Die Situation in Katalonien und im Donbass sind unterschiedlich. Die Seiten versuchen auf die Ebenen einer politischen Regelungen zu kommen. Madrid entschließt sich nicht zu einem militärischen Eingreifen, es nutzt politische Methoden. Aber der § 155 der Verfassung sieht die Auflösung der örtlichen katalanischen Staatsorgane vor. Er stellt die Frage des Austauschs der Personen in der Selbstverwaltung, ohne die für Katalonien notwendigen Garantien zu geben.
Wenn es dem Donbass gelungen wäre, mit Kiew eine wirksamere Realisierung der Bürgerrechte (im Jahr 2014) zu vereinbaren, wäre die Situation möglicherweise ohne die Ereignisse, die wir jetzt durchleben müssen, gelöst worden.
Wenn die LVR und die Regierung Kataloniens einen Dialog führen würden, so wäre eine gegenseitige Anerkennung der Regionen interessant.

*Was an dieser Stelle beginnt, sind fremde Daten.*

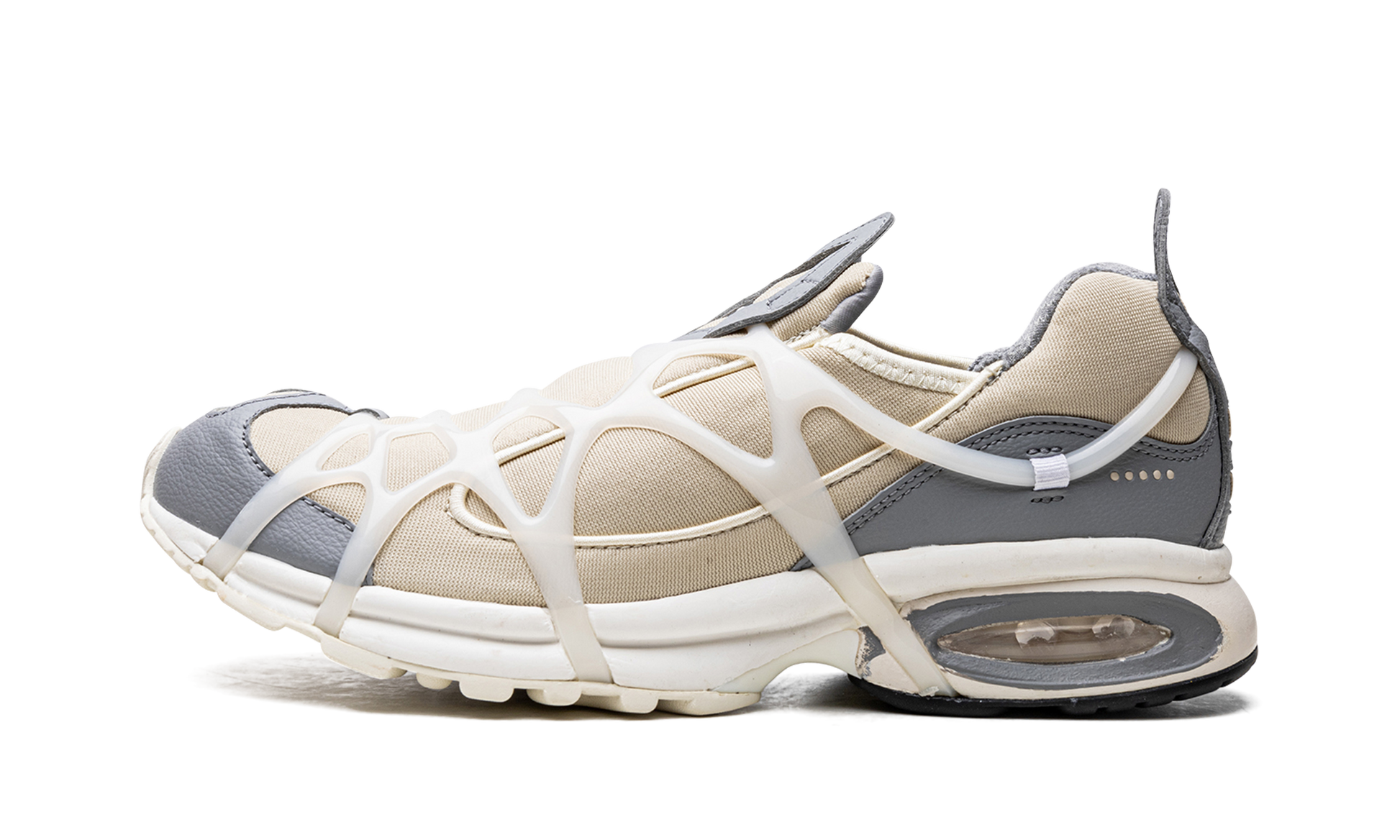 Air Kukini "cream Grey" - 1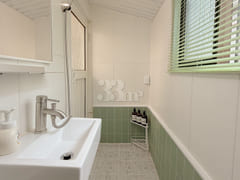 Charming rooftop studio just a 1-minute walk 11th image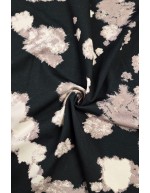 Lahja viskoosisekoiteneulos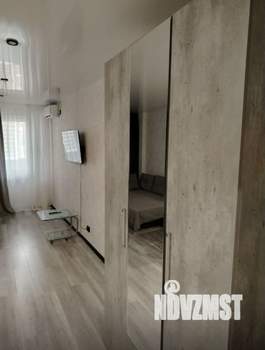 Студия квартира, на длительный срок, 32м2, 7/9 этаж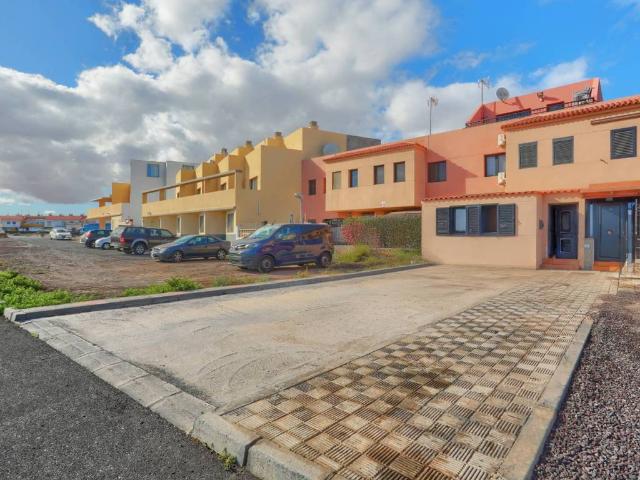 Dúplex en venta en El Matorral, Puerto del rosario
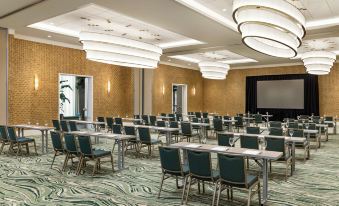 Embassy Suites by Hilton Panama City Beach Resort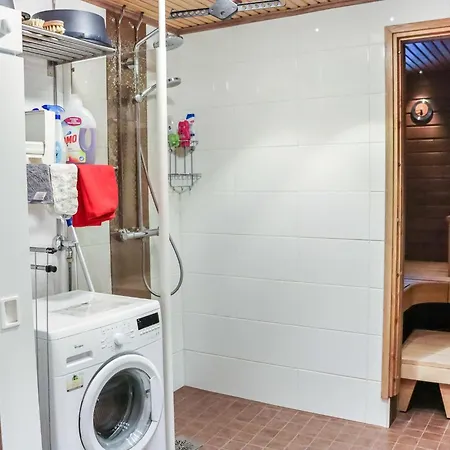 Lampitaival 6b By Interhome Hébergement de vacances *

Dies ist eine zweiseitige Frage, sagen wir es so. Hier müssen Verbindungen organisiert werden, ein Dialog begonnen werden. Eine gegenseitige Anerkennung wäre wirklich interessant, aber in einseitiger Weise wird es das Gewicht Kataloniens nicht vergrößern und unseres auch nicht.
Es gibt Dinge zum Nachdenken, aber bereits etwas zu sagen, dafür ist es zu früh.